WORK REQUIRED: What the response needs is every record, repeated verbatim, and no images.

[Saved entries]
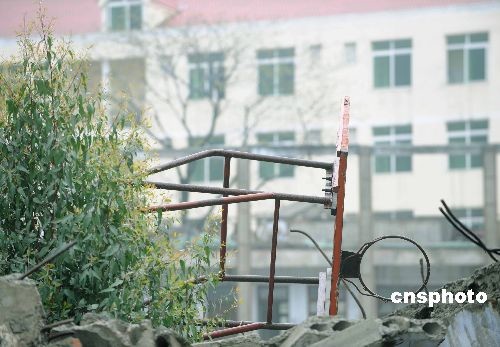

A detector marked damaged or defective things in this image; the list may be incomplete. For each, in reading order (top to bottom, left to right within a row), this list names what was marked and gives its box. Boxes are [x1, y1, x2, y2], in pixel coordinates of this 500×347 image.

broken concrete slab [0, 274, 44, 346]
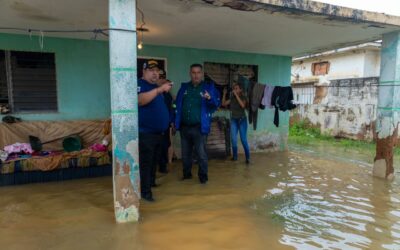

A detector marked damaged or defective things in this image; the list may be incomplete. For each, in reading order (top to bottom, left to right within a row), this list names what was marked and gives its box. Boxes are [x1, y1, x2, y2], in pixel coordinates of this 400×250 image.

peeling wall paint [109, 0, 141, 223]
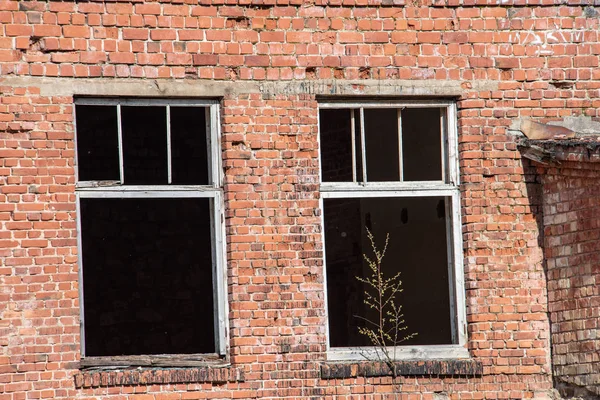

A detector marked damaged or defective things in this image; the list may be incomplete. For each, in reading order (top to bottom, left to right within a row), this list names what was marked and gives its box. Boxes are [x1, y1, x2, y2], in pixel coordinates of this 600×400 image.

ANSWER SECTION:
A detector marked damaged or defective things in this image; the list may be incomplete. For each, in reading order (top to bottom, left to right within a row), this list names what was marked and gives its box. Boxes are [x1, y1, x2, y2], in pixel coordinates of this 500×347 image.

broken concrete slab [0, 274, 44, 346]

A detector marked damaged or defective things in this image; the list may be incomplete. For each, in reading order (top to bottom, left to right within a row), this list names what was marked and gives its box. Boxes are [x1, y1, x2, y2], in pixel coordinates of this 400×250 image.

peeling wall paint [109, 0, 141, 223]

A detector marked damaged or defective things in this image; the list may be incomplete. For each, in reading order (top to bottom, left to right within a row), this list names what was marked and gives its box. Boxes are [x1, y1, x2, y2], in pixel coordinates of this 600×400 image.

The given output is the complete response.